Perfectly time

A good plan, violently executed now, is better than a perfect plan next week.



-General George S. Patton

A quote like that can only mean one thing is afoot Chez Harlot, and that thing, my stalwart friends, is my old nemesis… home renovation. I’ve spoken before about the fact that my house has, to be rather frank – some problems. It’s a tiny Victorian semi, 120 years old, so some things about it are a given, and It’s about a thousand times better than when we came to live in it, when there was a hole in the kitchen wall that went to the outside and allowed every single raccoon in the neighbourhood to use this building as their local whorehouse/crackden -but it wouldn’t be very hard to upgrade a family home past that, if you know what I mean. An eviction notice to any mammals who weren’t us – coupled with a piece of plywood and a few nails made us feel like we were living like royalty. We’ve got new walls and some of that fancy “insulation” in most of the house now, the kitchen was redone 8 years ago, the piece of crap lean-to on the back of the house became my office, we redid our bedroom, laid new floors in the downstairs… It’s very slow going, but we get there.

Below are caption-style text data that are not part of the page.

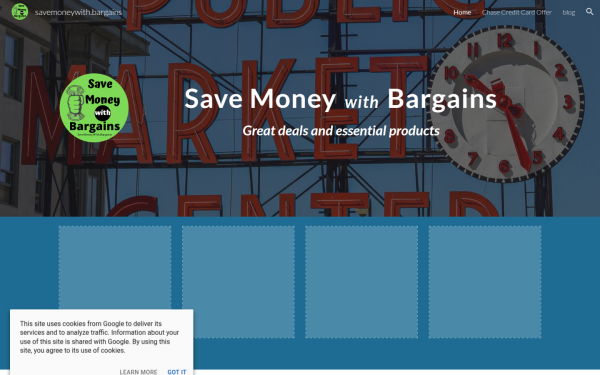 www.savemoneywith.bargains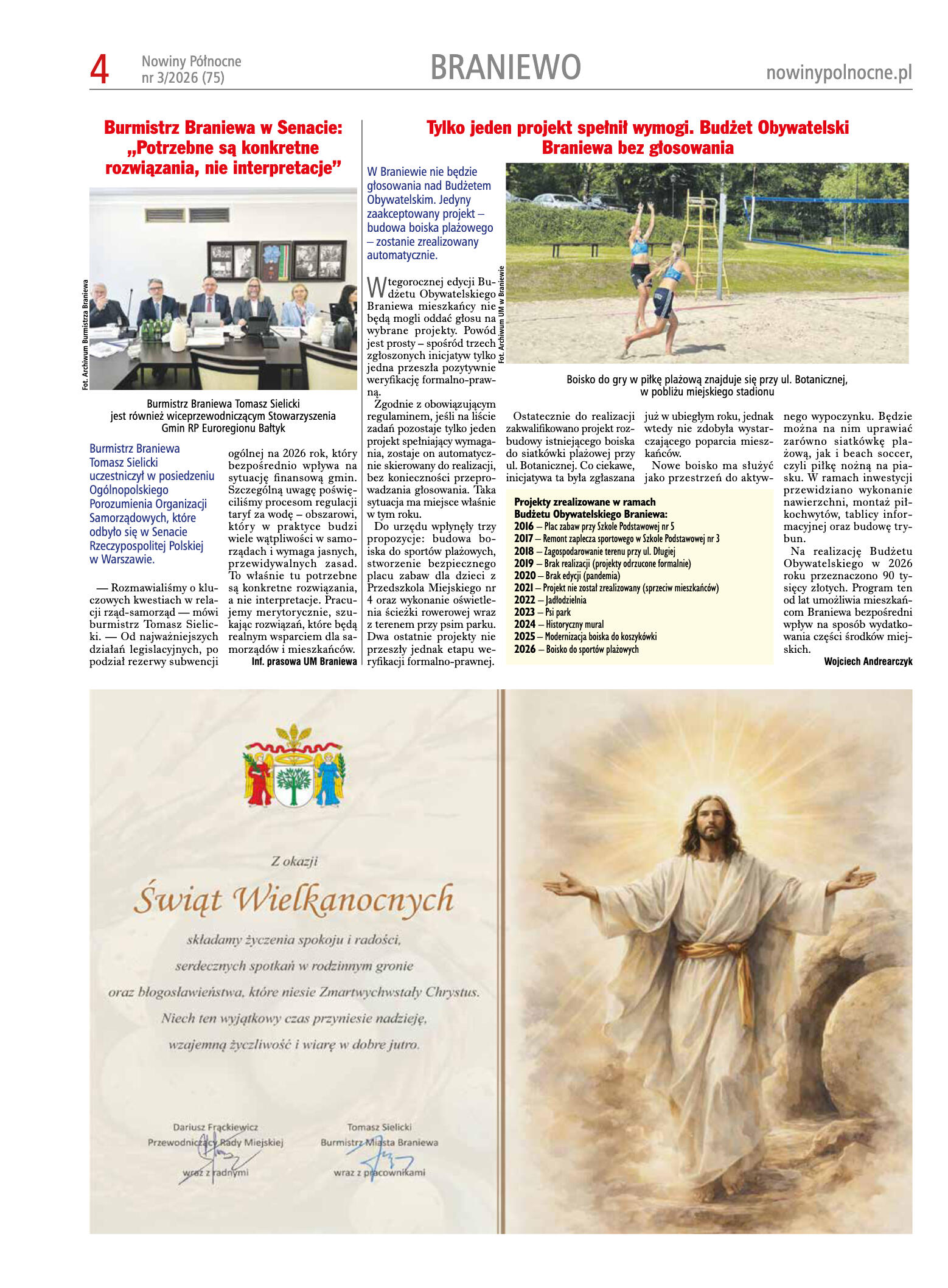 Nowiny Północne, 2026/03 - strona 4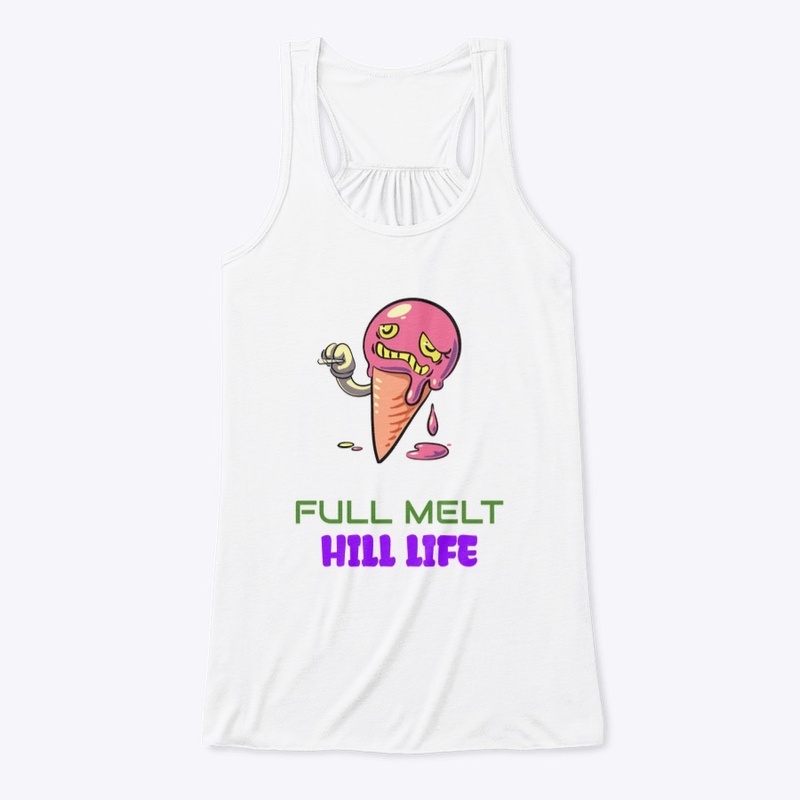 Full Melt Waffle Cone 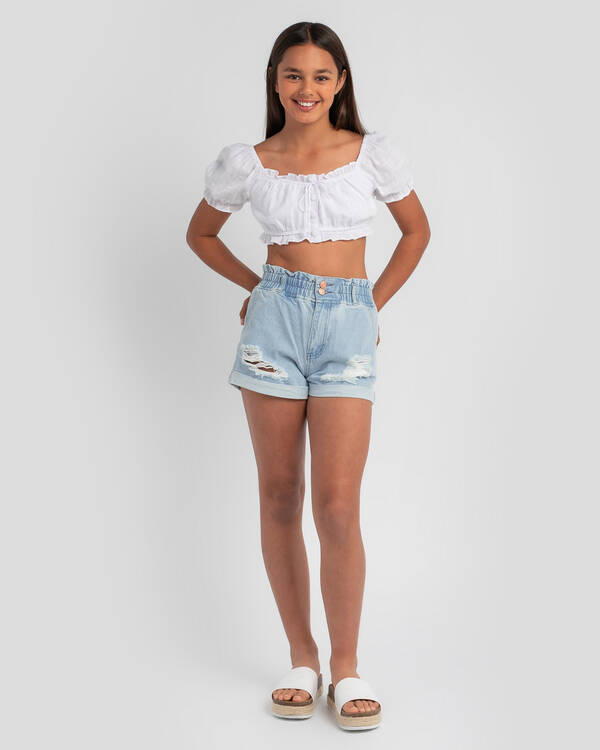 Used Girls' Jasper Shorts for Womens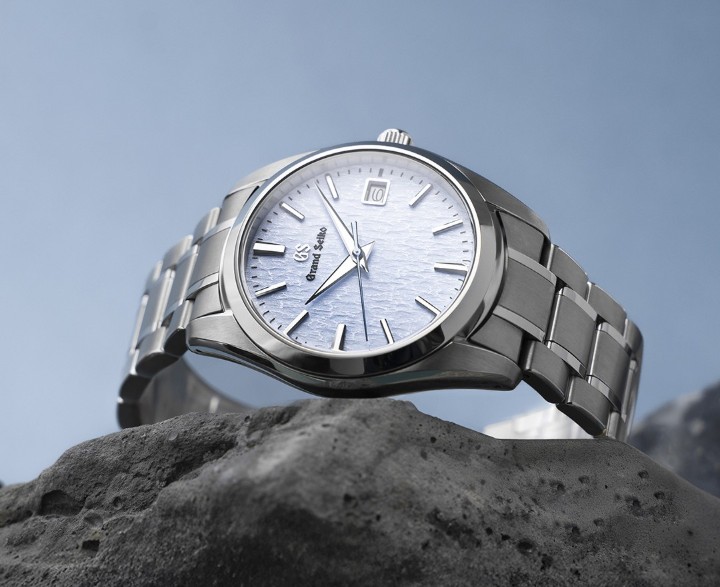 Obrázek Grand Seiko Heritage Quartz Skyflake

Now, this wee house is only a 3 bedroom and they aren’t big bedrooms, so Meg and Sam have shared for years, and Amanda had her own room. Amanda moved out recently (months ago, actually, but I didn’t want to mention it in case she wanted to come home – I didn’t want her to have to ‘fess up to the blog that she had changed her mind) she’s happy, 19, in her second year of college and doing just fine, and as much as sometimes I wish she would come back… I don’t think she’s going to.

I know I should be happy about that, motherhood is, after all – about putting yourself out of business and creating functioning humans who do leave you if you do it right, and most days I am thrilled that she’s moving along properly, because we were totally starting to drive each other crazy, and she’s not quite out in the big bad world, since she’s moved in with my mother – who is closer to the college and work, and is making for an excellent intermediate step towards total and complete independence. (It has taken me a while to wrap my head around the idea that moving in with my mother is a step towards independence – since for me it was moving away from the same woman.. but I’m learning. My mother is a very different grandmother than she was a parent – the proof of this being that she has given my children cream soda floats, which when I was growing up were treated as the nutritional equivalent of heroin and turned up with about the same frequency.. but I digress.)

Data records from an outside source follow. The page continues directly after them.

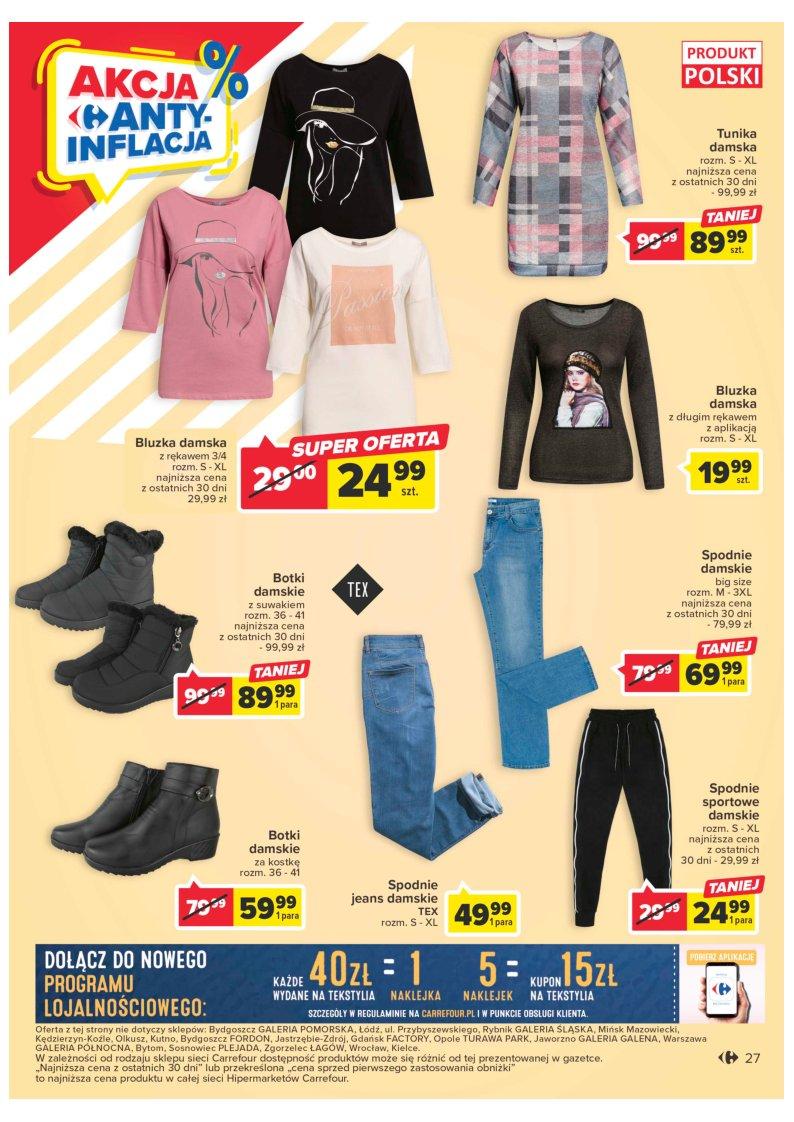 Gazetka promocyjna Carrefour str. 27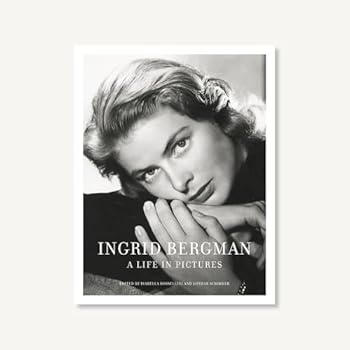 Paperback Ingrid Bergman: A Life in Pictures Book
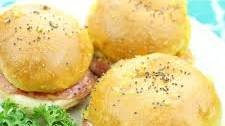 Italian Ham and Cheese Sliders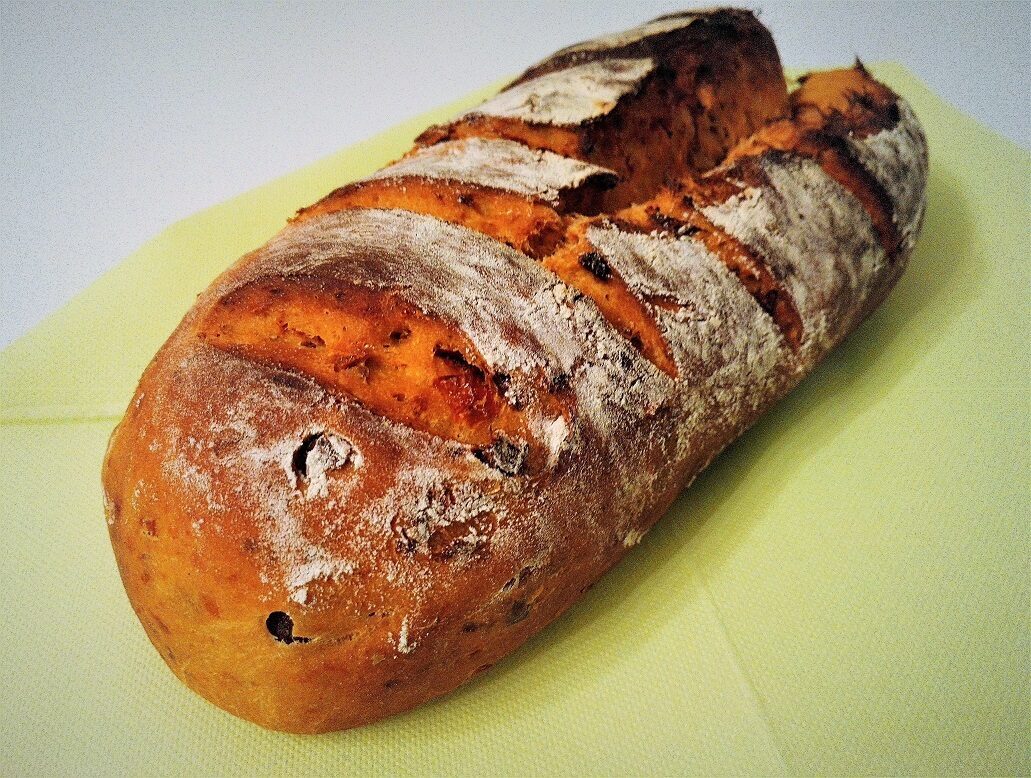 Pane ai pomodori secchi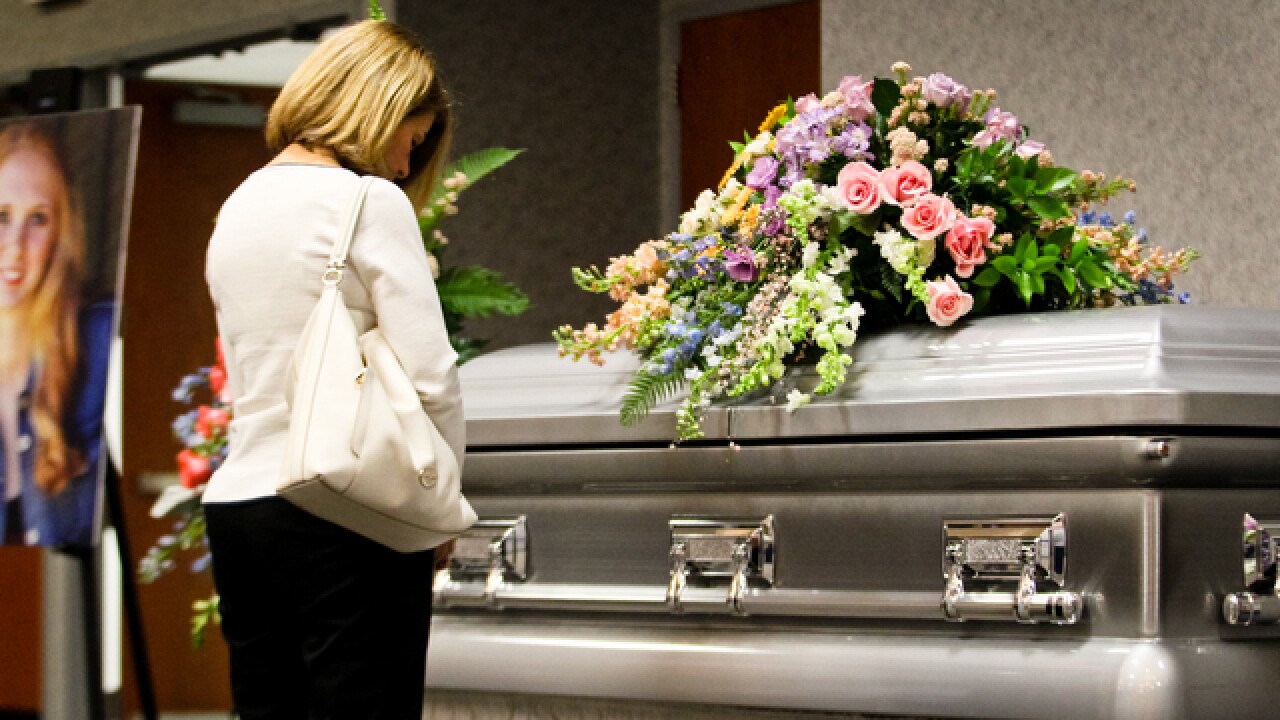 Surrounded by love: Visitation for Lauren Hill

In any case, Amanda moved out and I just let her room sit there. I moved nothing. I didn’t even close the door. Her room sat there (since March, if you must know) and her sisters (still crowded into their one wee space) eyed this room with the focus of vultures circling a carcass – and they had absolutely no regard for my emotional process. They argued and dreamed continually about the day that they would no longer share a room, and the room taunted them. I couldn’t commit. I don’t know why it was hard for me, but it felt unfaithful to Amanda, who was understandably hesitant to see her room in our home wiped from the earth – and so the room still sat there.

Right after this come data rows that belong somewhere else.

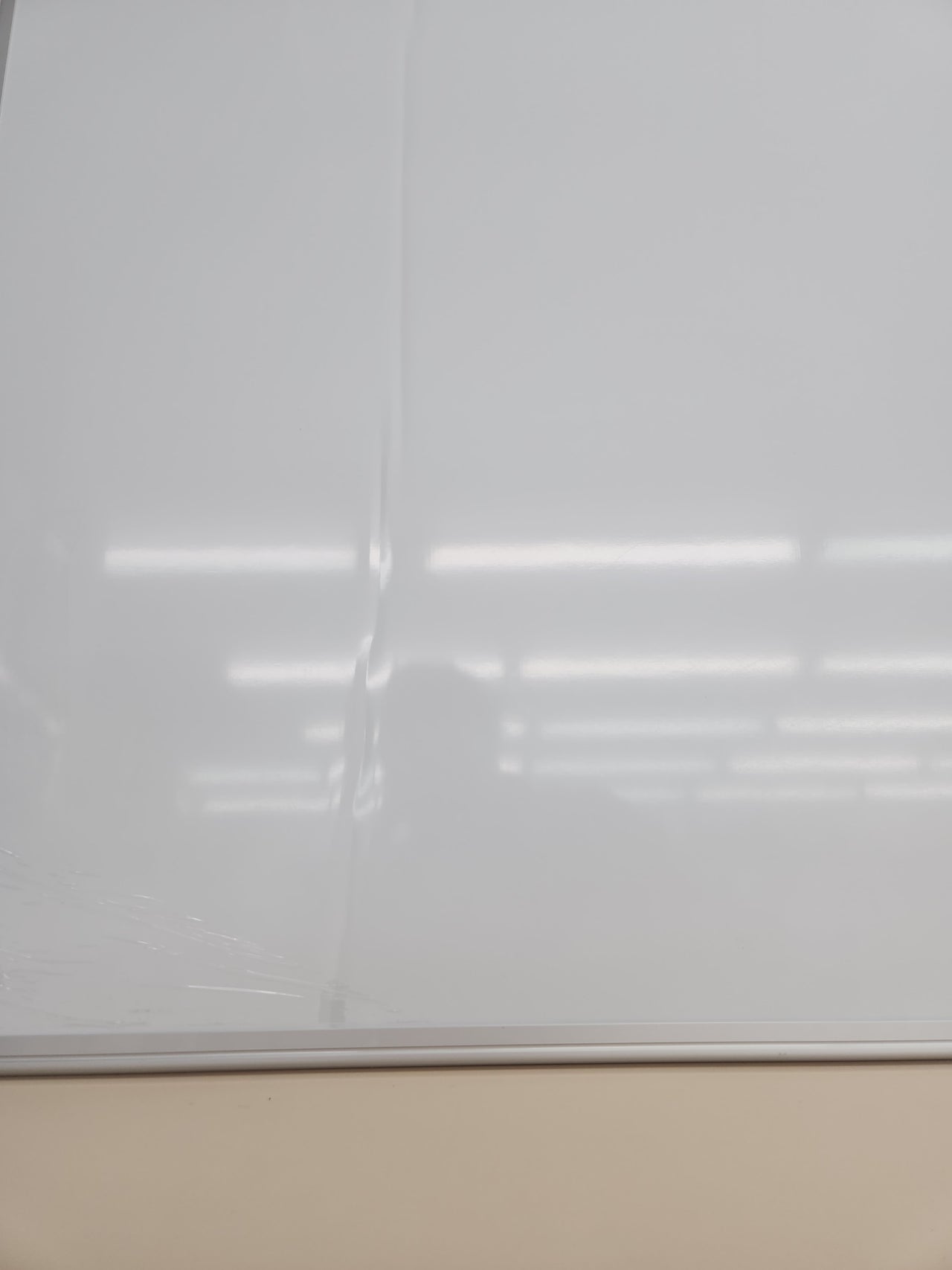 Pizarra 1500X10001 MM)Magnética Lacada Con Marco De Aluminio Resistente Fácil De Borrar En Seco, Blanco, (OFITURIA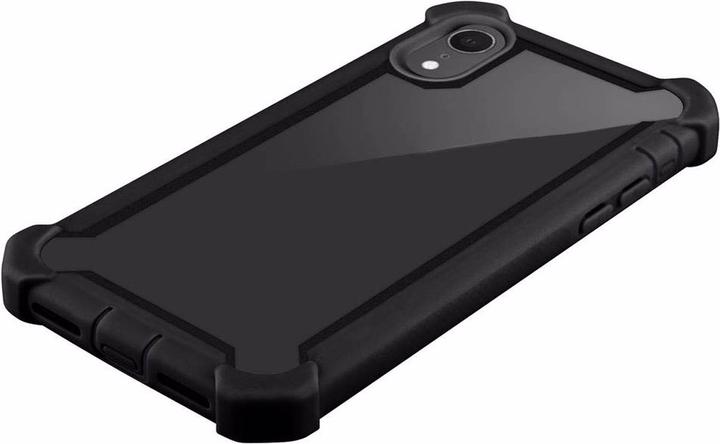 Actual product image Cadorabo Hybrid 2-in-1 Acrylic Cover (Apple iPhone XR)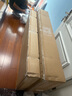 护童（Totguard）儿童学习桌椅套装升降学生书桌 星辰1号Pro120cm+追背椅橙+80cm灯 实拍图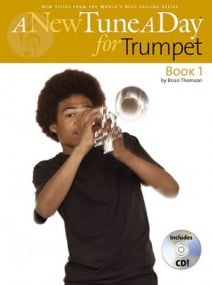 A New Tune a Day Book 1 : Trumpet published by Boston (Book & CD)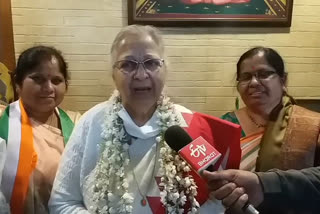 Interview of former Lok Sabha speaker Sumitra Mahajan after confirmation of Padma award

Eventually, Amanda took most of her stuff out, and Megan started talking about just taking the room. A guerilla move. Just waltzing in there and installing her things like a squatter and that would be that.. and while she was talking about usurping property right out from under me, that’s when I woke up and smelled the coffee. Our house was too tiny to have a room unused, and Meg should be using it. It wasn’t reasonable to hold a room for the possibility that an adult child who was totally old enough to be out of it would want to come back, and waiting for it to feel right, or for it to be perfect just wasn’t going to happen. Amanda was absolutely not going to say “Yeah man, give my sister my room, I don’t need a safety net, I’m sure I’ll never, ever need my mother again.” (or at least she was never going to say it like she meant it.) I was never going to feel like I should close that door on her. I was never going to want to paint over the yellow daisies I painted on the walls for Amanda when she was 14. I was never going to want to see the loft bed torn down, even though there isn’t anybody in this house who’s short enough to sleep in it anymore. It was never going to be perfect. It was never going to feel right…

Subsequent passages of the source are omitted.